By the early 20th century, calypso, stick fighting, carnival, the steelband and hosay played a critical role in challenging colonialism, racism and classism in T&T. Calypsonians such as Growling Tiger and Atilla the Hun, among the first professional calypsonians singing political satire, were joined by Lord Kitchener, Mighty Spoiler and others in the 1940s.
UWI's Louis Regis observed that at the height of the independence movement in the 1950s, calypsonians sang about political matters and swayed public opinion to the extent that people said of the Mighty Sparrow, "If Sparrow say so, is so!" On the achievement of independence in 1962, calypso played a crucial political and social role in articulating the deep-seated aspirations of the nation, particularly the marginalised and voiceless.
Women were active in shaping a definably Caribbean 'high culture' from historical roots, spanning literature, dance and theatre. Veronica Gregg of Hunter College, New York charted how women established cultural and literary organisations and began to experiment with Creole forms in their short fiction. This was no easy path for pioneers like Louise Bennett of Jamaica who spoke and wrote in Jamaican creole or patois, the language of the masses.
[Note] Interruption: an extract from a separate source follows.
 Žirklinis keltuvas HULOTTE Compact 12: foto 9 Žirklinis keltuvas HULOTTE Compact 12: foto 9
In discussing Beryl McBurnie's contribution to the "nationalist ethos of the period," Nettleford commented that "the idea of a ... dance idiom rooted in the traditional life and lore of a Caribbean which is the creation of ordinary men and women in the region, was revolutionary." McBurnie also founded the Little Carib Theatre, where the plays of Derek Walcott, Nobel Laureate. In Jamaica, reggae music began to engage in spiritual and political matters from the perspective of the masses during the 1970s. Bob Marley rose to become one of the most popular and powerful artistes of this genre.
However, according to Jamaican feminist, Joan French, Marley did not view discrimination against women as an issue. He condemned women's sexual freedom while defending his own sexual libertarianism. In "No Woman, No Cry", he expressed gratitude for women's support to men and families and the discrimination against them as black people, but made no mention of the discrimination and inequality they faced as women.
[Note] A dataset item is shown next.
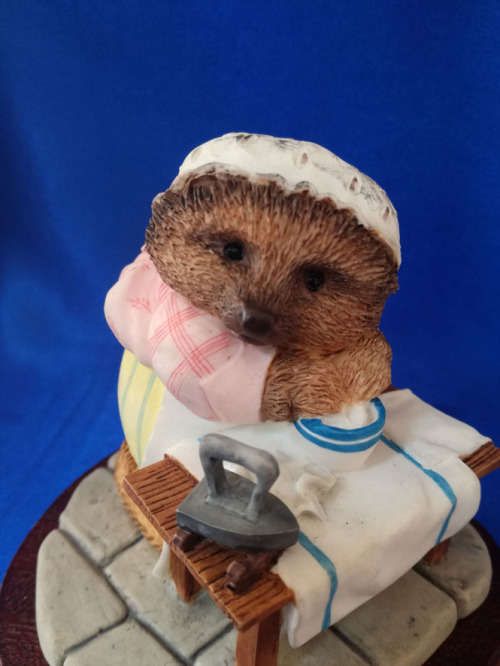 Beswick - Beatrix Potter - " Mrs Tiggy-Winkle Takes Tea" 2877 Rare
While calypso, reggae and their derivatives have given voice to political and social concerns of ordinary people, they also represent sites of misogyny-or "hatred, dislike or mistrust of women." In the 1990s and 2000s in particular, calypso and reggae have seen an increase in misogynistic messages at the expense of political commentary, which some argue has caused the art forms to deteriorate.
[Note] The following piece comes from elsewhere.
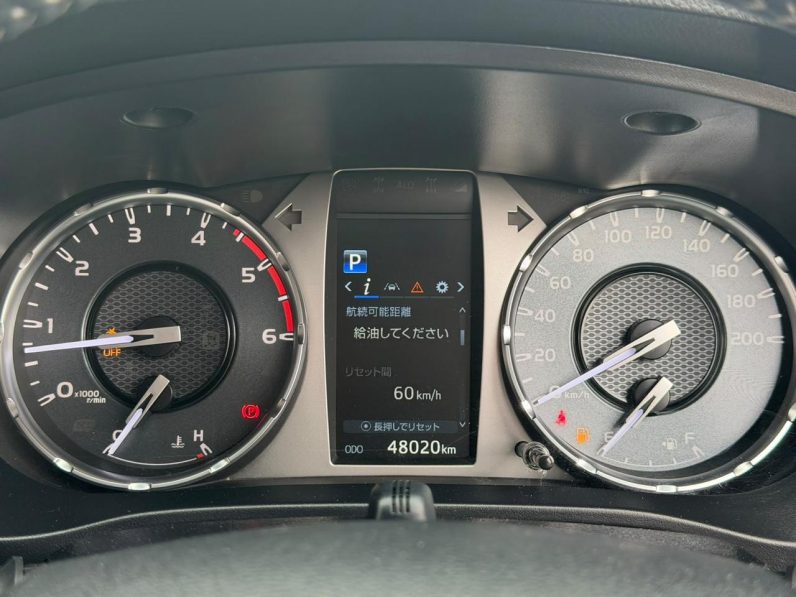 
								Toyota Hilux full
However, Cal State's Hope Smith suggests that "the misogyny of such calypso lyrics is merely the by-product of the culture of survival present in a grassroots urban environment." Given that the calypsonian sings about issues other than gender relations, eg, poverty, war, local politics and the labour movement, "bringing down women only underscores the fact that ... this [is] one of the few sources of power and domination available to him."
Perhaps partly in response to this, in addition to their continuing storming of the Bastille, women calypsonians have been entering the calypso arena. A post-independence women calypsonians hall of fame would include Calypso Rose, Denise Plummer and Singing Sandra, among others. A number of new women calypsonians performed in a 2011 show dubbed, "Passing the Baton: Young Women in Calypso". And six women have been named among the ten calypsonians to compete in the Lord Brynner National Independence Calypso Competition, which takes place on August 25.
Carnival has allowed women of all ethnicities and social classes to express their bodily autonomy. For some analysts, women's exposure of their bodies in skimpy costumes on the streets is a logical extension of their new identities as "modern, assertive feminist subjects." However, others argue that during Carnival, a "period that is licensed for the reversal of social order, women's subversion and appropriation of male-identified forms of sexual display may actually serve to reinforce the patriarchal structures that it otherwise critiques."
Similarly, the emergence of dancehall music in Jamaica has provided a space for urban working class women to express themselves though dance. Dancehall has been described by Prof Carolyn Cooper as "the site of an ongoing struggle between respectability and riot, propriety and vulgarity, slackness and culture", "simultaneously resisting and enticing respectable culture."
The phenomenon of chutney music and dance, which caused a furore when it stormed the T&T cultural scene in the early 1990s, has provided a similar space for Indian-Trinidadian women. Chutney music and dance forms originated in the women-only matikor and laawa ceremonies of the Hindu wedding, where women of the family and community have and continue to portray the sexual act through folk dance. These cultural forms have created sites of resistance for Caribbean women of all ethnic groups and social classes, breaking socio-cultural barriers and invigorating popular culture.